- [WHAT IS BEING ASKED]:
Give back exactly the lines of the data below, starting with the line that has "Polo homme Reserve" and going on through the line that has "Hülle Xiaomi Redmi".

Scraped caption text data
[Start of Attachment]

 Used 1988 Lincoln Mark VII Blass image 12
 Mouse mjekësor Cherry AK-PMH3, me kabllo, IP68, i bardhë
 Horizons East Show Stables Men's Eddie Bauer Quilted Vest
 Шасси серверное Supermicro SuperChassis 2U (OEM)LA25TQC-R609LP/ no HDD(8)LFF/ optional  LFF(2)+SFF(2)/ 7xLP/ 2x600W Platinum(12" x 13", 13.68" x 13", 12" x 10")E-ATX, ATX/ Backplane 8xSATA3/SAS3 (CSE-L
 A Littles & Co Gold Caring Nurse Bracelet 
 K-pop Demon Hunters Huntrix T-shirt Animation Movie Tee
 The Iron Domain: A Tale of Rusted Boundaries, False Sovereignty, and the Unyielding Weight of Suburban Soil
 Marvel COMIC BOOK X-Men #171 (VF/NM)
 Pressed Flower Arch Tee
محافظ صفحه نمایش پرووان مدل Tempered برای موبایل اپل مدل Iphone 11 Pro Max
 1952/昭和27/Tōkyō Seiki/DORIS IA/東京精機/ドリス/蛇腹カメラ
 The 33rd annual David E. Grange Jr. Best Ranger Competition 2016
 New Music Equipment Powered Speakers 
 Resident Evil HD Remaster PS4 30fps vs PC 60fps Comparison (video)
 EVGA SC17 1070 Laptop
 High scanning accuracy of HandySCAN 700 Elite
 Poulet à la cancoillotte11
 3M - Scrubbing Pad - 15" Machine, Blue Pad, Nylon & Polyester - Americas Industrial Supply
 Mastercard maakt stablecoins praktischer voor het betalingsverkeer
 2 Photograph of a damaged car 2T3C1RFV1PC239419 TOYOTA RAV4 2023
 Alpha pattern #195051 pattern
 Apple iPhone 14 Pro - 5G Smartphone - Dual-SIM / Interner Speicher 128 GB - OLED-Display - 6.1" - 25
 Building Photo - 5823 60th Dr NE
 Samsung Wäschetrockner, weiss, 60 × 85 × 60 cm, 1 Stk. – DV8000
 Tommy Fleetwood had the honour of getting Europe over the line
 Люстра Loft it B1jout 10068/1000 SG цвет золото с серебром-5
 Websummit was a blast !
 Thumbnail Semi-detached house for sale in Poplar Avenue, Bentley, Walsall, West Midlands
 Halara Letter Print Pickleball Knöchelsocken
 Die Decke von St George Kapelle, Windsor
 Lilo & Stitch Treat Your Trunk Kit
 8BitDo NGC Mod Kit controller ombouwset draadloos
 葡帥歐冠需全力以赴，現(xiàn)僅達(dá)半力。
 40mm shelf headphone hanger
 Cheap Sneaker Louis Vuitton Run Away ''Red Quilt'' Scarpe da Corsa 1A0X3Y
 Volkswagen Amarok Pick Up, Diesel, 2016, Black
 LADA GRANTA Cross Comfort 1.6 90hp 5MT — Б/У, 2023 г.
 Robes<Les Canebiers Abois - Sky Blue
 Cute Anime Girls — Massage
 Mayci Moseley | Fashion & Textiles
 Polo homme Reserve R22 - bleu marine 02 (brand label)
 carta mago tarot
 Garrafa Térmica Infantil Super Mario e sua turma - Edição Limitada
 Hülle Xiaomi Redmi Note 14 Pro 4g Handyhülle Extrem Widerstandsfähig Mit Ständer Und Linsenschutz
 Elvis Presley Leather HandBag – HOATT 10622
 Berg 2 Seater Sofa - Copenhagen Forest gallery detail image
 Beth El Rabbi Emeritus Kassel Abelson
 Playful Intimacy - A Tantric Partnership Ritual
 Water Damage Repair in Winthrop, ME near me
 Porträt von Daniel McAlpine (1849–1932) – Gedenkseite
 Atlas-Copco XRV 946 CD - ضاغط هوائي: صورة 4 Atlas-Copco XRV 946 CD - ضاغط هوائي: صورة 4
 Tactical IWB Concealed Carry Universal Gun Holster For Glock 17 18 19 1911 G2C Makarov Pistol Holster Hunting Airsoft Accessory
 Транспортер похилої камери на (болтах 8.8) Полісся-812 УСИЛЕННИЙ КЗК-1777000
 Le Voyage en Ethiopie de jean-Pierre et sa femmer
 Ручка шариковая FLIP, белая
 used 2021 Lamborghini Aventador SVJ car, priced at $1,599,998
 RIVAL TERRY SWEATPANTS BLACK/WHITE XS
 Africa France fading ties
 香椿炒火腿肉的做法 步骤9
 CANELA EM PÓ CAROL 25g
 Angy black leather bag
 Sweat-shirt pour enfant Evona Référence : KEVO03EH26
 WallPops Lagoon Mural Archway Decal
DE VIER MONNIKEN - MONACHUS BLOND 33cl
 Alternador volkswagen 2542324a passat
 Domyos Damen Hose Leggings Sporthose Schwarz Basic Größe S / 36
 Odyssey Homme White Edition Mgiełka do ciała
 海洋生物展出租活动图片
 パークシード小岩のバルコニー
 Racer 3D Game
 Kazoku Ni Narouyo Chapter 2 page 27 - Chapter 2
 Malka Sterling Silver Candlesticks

[End of Attachment]

- [ANSWER SECTION]:
 Polo homme Reserve R22 - bleu marine 02 (brand label)
 carta mago tarot
 Garrafa Térmica Infantil Super Mario e sua turma - Edição Limitada
 Hülle Xiaomi Redmi Note 14 Pro 4g Handyhülle Extrem Widerstandsfähig Mit Ständer Und Linsenschutz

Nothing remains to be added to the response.